Sunday, January 5, 2014

Easiest-Ever Beef and Wine Casserole


This recipe makes a delicious, tender beef that you won't even need a knife to cut!

I was flipping through The Best Casserole Cookbook Ever by Beatrice Ojakangas for new ideas for 2014.  I had a beef roast in the freezer, so I honed in on the beef chapter.

The author found this recipe in her late mother-in-law's things and didn't think it sounded very good.  But she made it anyway as an experiment and discovered it was a keeper!

This recipe is ridiculously simple.  I'm not sure I'd classify it as a "casserole," but I sure am glad Beatrice included it!

I served it with peas and my favorite scalloped potatoes recipe.

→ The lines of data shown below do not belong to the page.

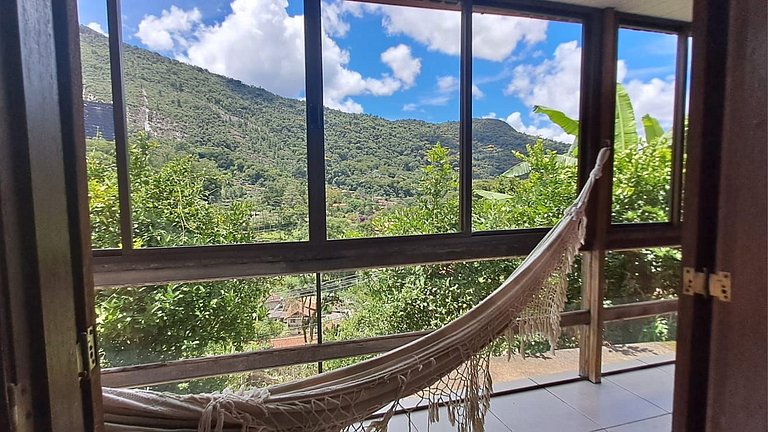 Casa Retrô na Serra - Temporadaincrível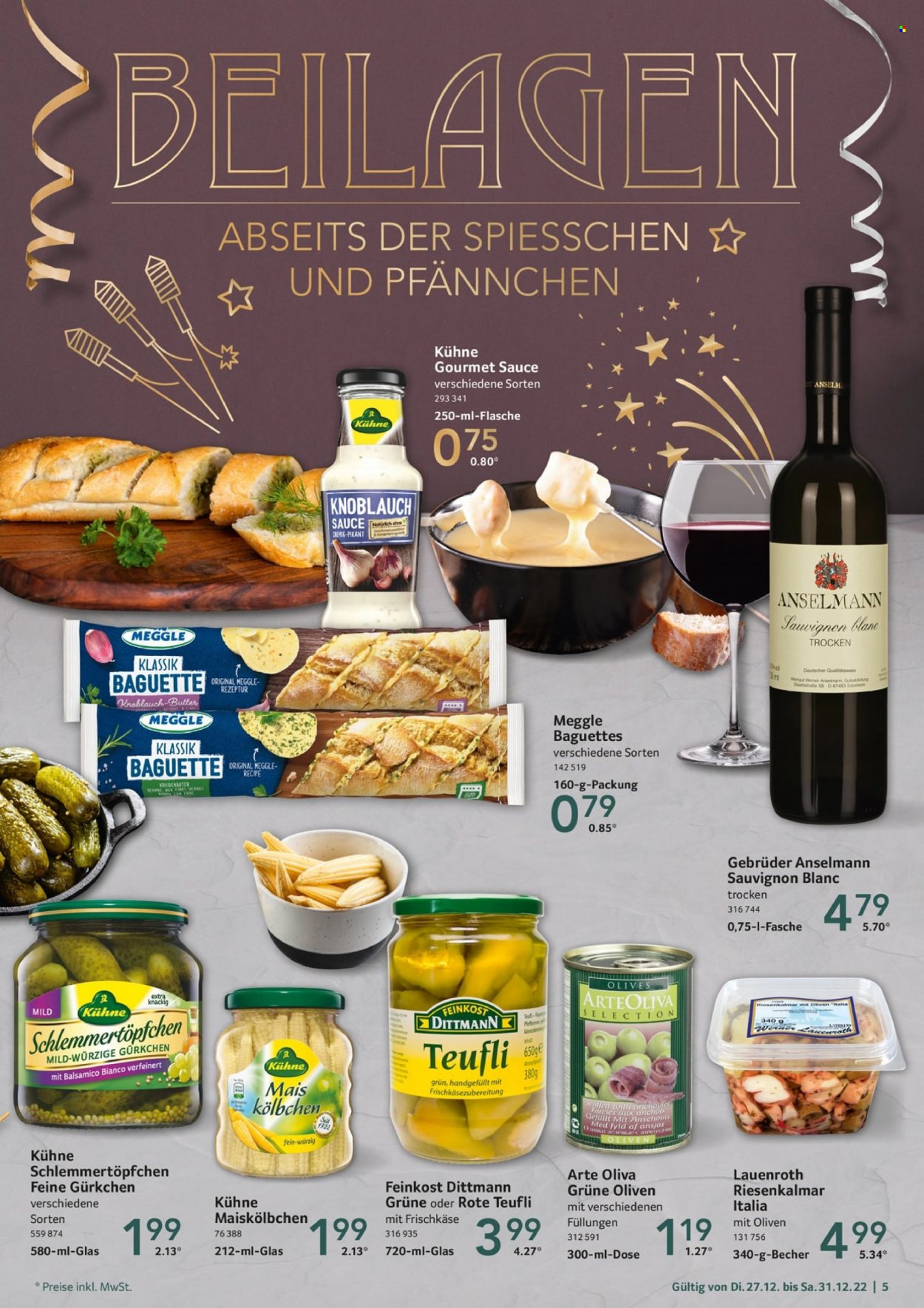 Selgros Prospekte  - 27.12.2022 - 31.12.2022. Seite 5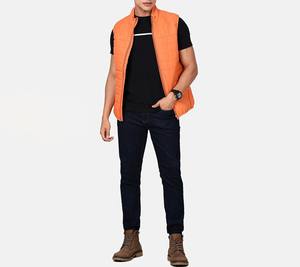 Chaleco Acolchado para Hombre, Estilo Perfecto, Antiarrugas, Alta Calidad, Transpirable, Precio Económico, Estilo sin Mangas - Product Image 6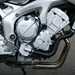 Yamaha FZ6 Fazer motorcycle review - Engine
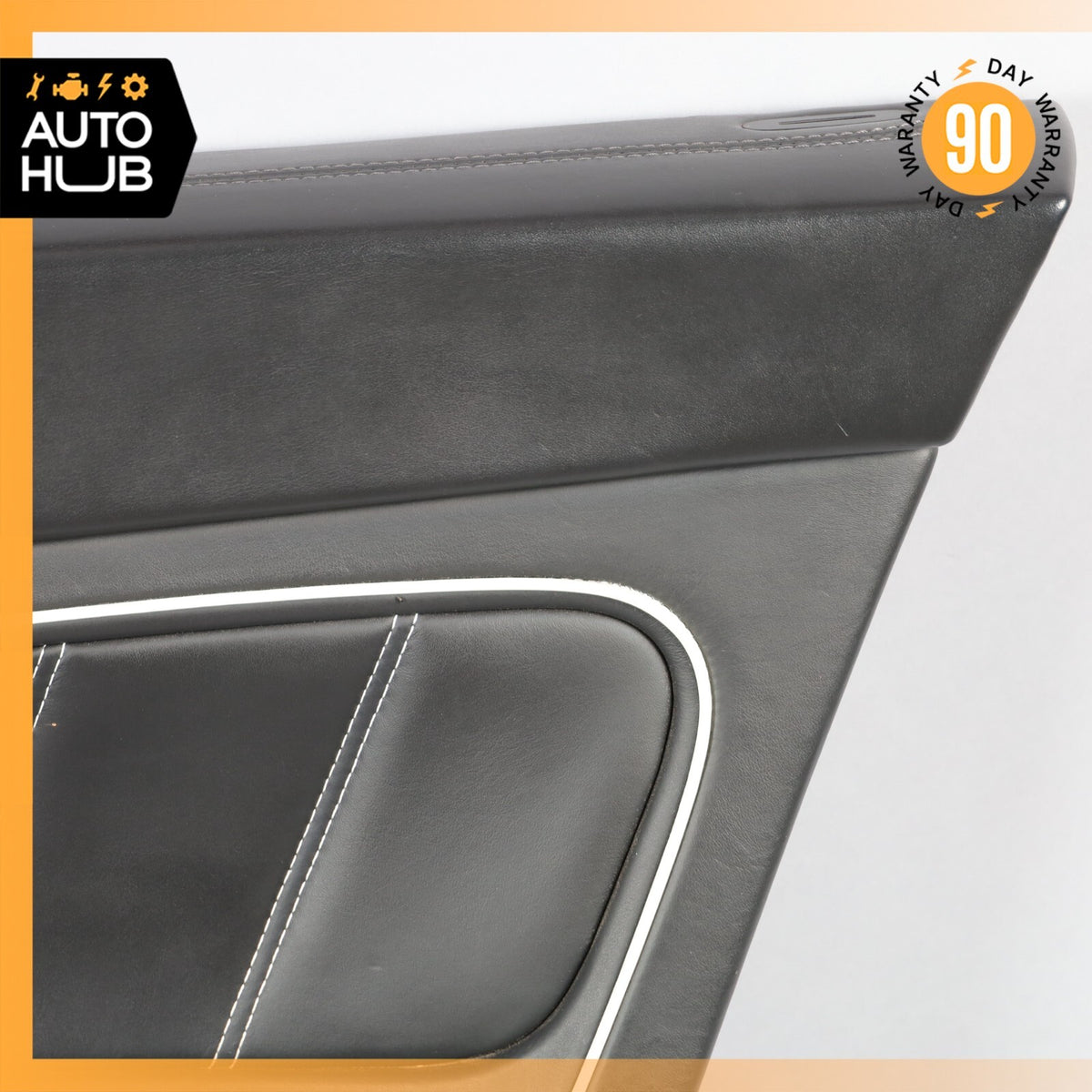 07-11 Bentley Continental GTC Right Passenger Side Interior Door Panel OEM 59k - photo 6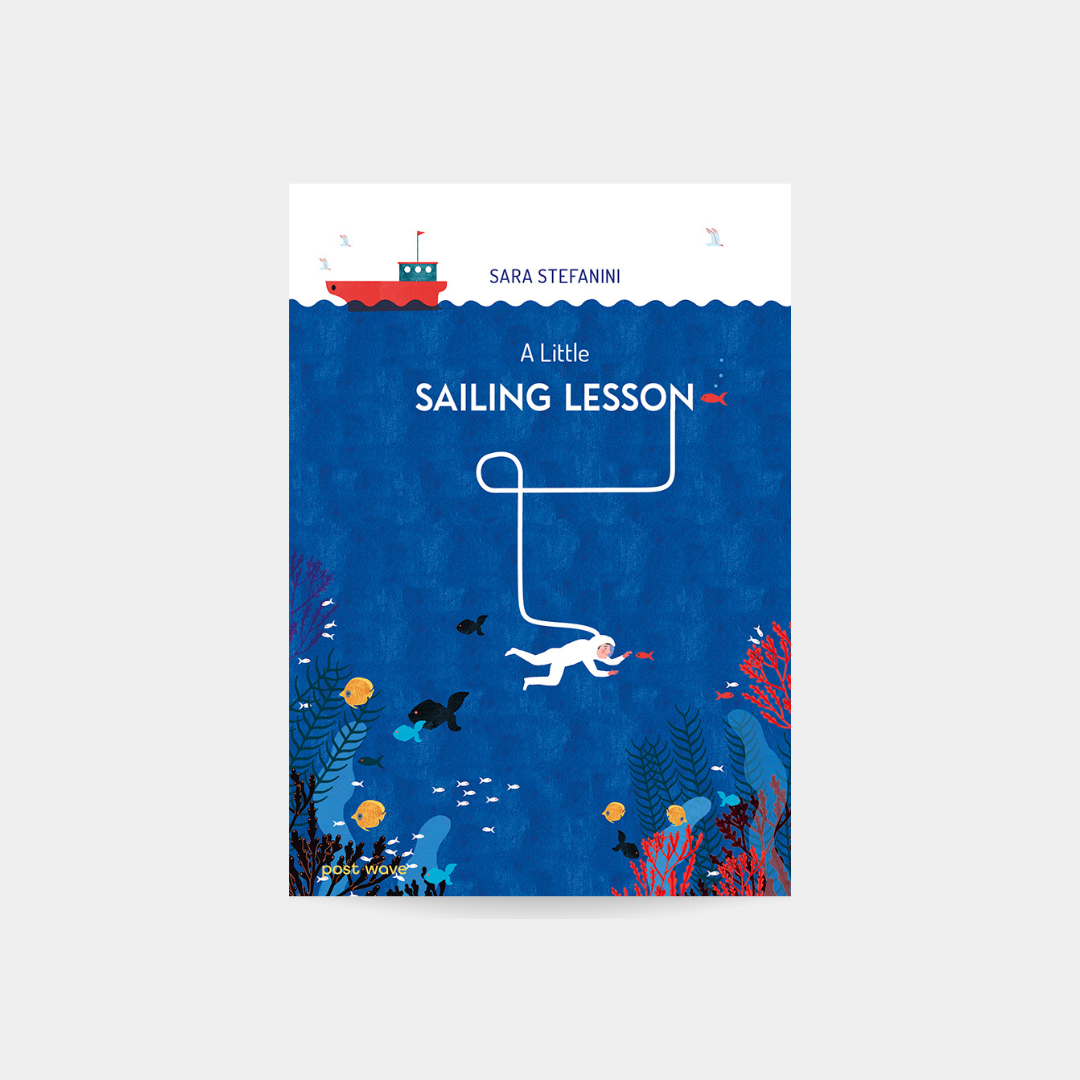 A Little Sailing Lessons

Easiest-Ever Beef and Wine Casserole

1 pound lean beef stew meat (I cut mine into large chunks, about 1 1/2" square)
1/2 cup red wine (I used a pinot noir)
1 can (14 oz) beef broth
1 tsp salt (I'd cut back on this next time -- salt isn't my "thing")
freshly ground pepper, about 7 turns of the grinder (that is her direction, not mine!)
2 cloves of garlic, minced
1 medium onion, sliced
1/4 cup flour
1/4 cup fin dry breadcrumbs

Preheat oven to 275 if you prefer to let the casserole bake for 6 hours, or 300 if you'd like it to be done in 3 hours.

Combine all of the ingredients in a 2-quart casserole.

Bake, covered, according to the directions above.